Alternatively, you could simply use numpy.bincount() to calculate the number of C atoms in each cluster:
Code: [Select]
def particle_counting(frame, data):
    ptype = data.particles['Particle Type']
    C_type_id = type_property.get_type_by_name('C').id
    cluster_sizes = numpy.bincount( data.particles['Cluster'][ptype == C_type_id])
Since you initially sorted them by size you know which entry corresponds to which Cluster-ID.

Code: [Select]
    cluster_size_property = data.particles_.create_property("ClusterSize", dtype = int, components = 1)
    with cluster_size_property:
        for i in range(len(cluster_sizes)): #Or adapt to your needs...the first three clusters e.g. would be range(1,4)
            cluster_size_property[(ptype == C_type_id ) & ( data.particles['Cluster'] == i) ] = cluster_sizes[i]

-Constanze

28
Support Forum / Re: WS analysis
« on: May 10, 2019, 12:05:49 PM »
Dear Karthik,

sorry I don't understand yet what the issue is. Could you please elaborate the problem?

-Constanze

29
Dear shanis,

ah okay, sorry I somehow missed that you would like to get the individual cluster volumes instead. You're right, at the moment this is not possible yet by only applying the Surface mesh modifier once, but it is very likely a feature of the next release. So for now, you will have to use a little workaround, like you already suggested in your previous post, e.g. by looping over the Cluster-ID's and then applying the Surface mesh modifier to each individual cluster, e.g. :

Code: [Select]
   
...
clusterselect_modifier = SelectExpressionModifier()
pipeline.modifiers.append(clusterselect_modifier)
pipeline.modifiers.append(ConstructSurfaceModifier(only_selected = True))
for clusterID in range(1,6):
    my_expression = "Cluster == {}".format(clusterID)
    clusterselect_modifier.expression = my_expression
    data = pipeline.compute()
    print(pipeline.output.attributes['ConstructSurfaceMesh.solid_volume'])

-Constanze

30
Support Forum / Re: Visulaise the Molecule in dump xyz lammps file
« on: May 10, 2019, 11:23:26 AM »
Dear jaguarjom123,

no worries, I opened a new topic for you. In principle you can just click on "New Topic" on the Forum main page, and after if is approved by an admin it will be visible to the public.

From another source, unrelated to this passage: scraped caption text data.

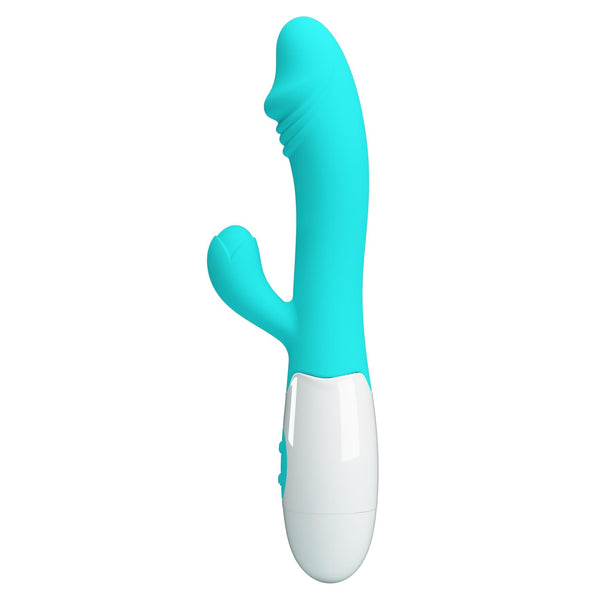 PRETTY LOVE   Snappy light blue, 30 vibration functions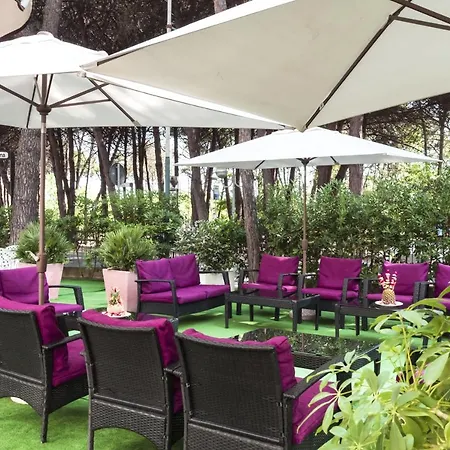 Park Pineta تّشيرفييا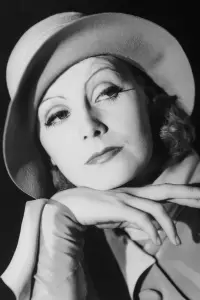 Photo Greta Garbo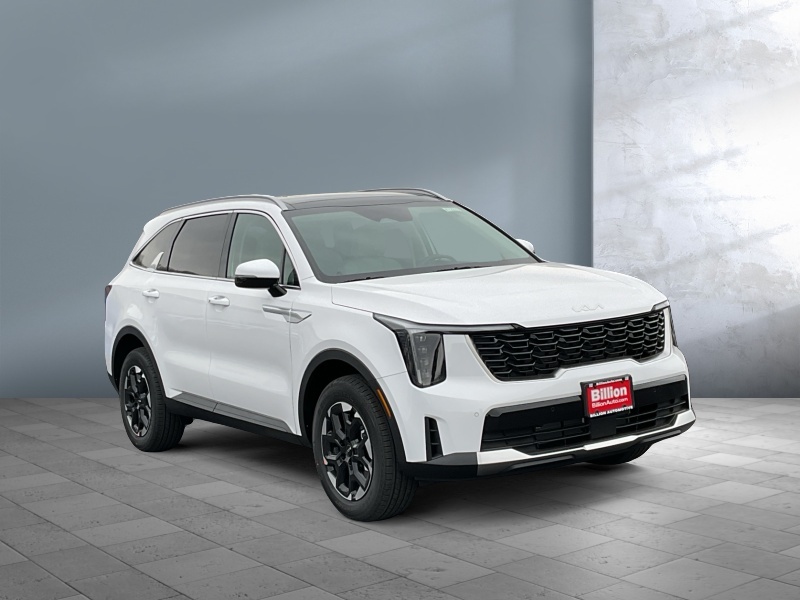 2026 Kia Sorento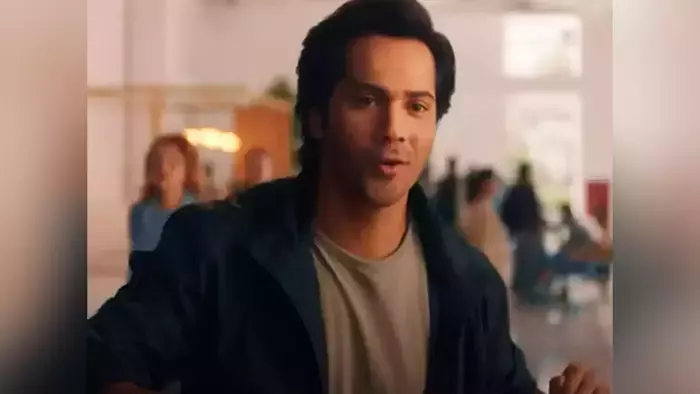 Varun Dhawan 'Chases the world' with Skybags in new ad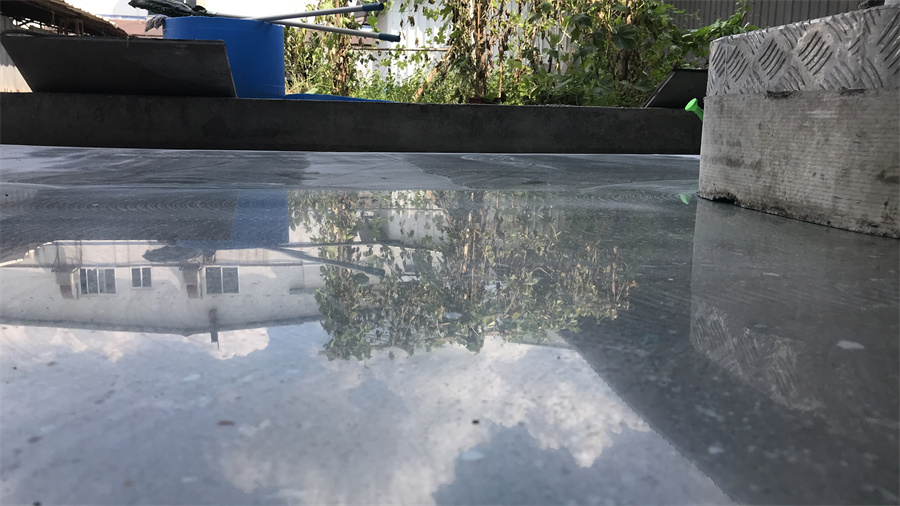 裂缝龟裂纹修补完成效果 裂缝龟裂纹修补完成效果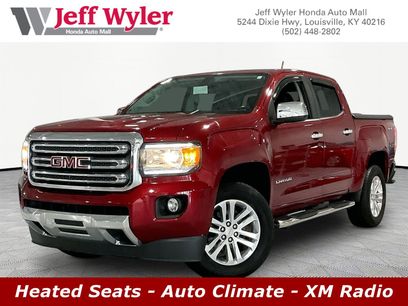 Used 2019 GMC Canyon SLT w/ Trailering Package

It is a little difficult to help you without having detailed information on your system, so if you like you can upload an example file here in the forum using the "Attachements" function below the text-editor. That way I can have a look at your system and give you more specific advice.
But as a starting point: You said that your data includes molecule ID's. Note that you can use the Expression selection modifier to select molecules based on their ID's then and even delete all other atoms from the scene. Furthermore, you could calculate the center of mass of each molecule and e.g. use the Generate trajectory lines modifier to visualize their trajectories. You could also use a custom Python script modifier to calculate mean squared displacement etc.
Let me know if you have questions regarding any of those analyses.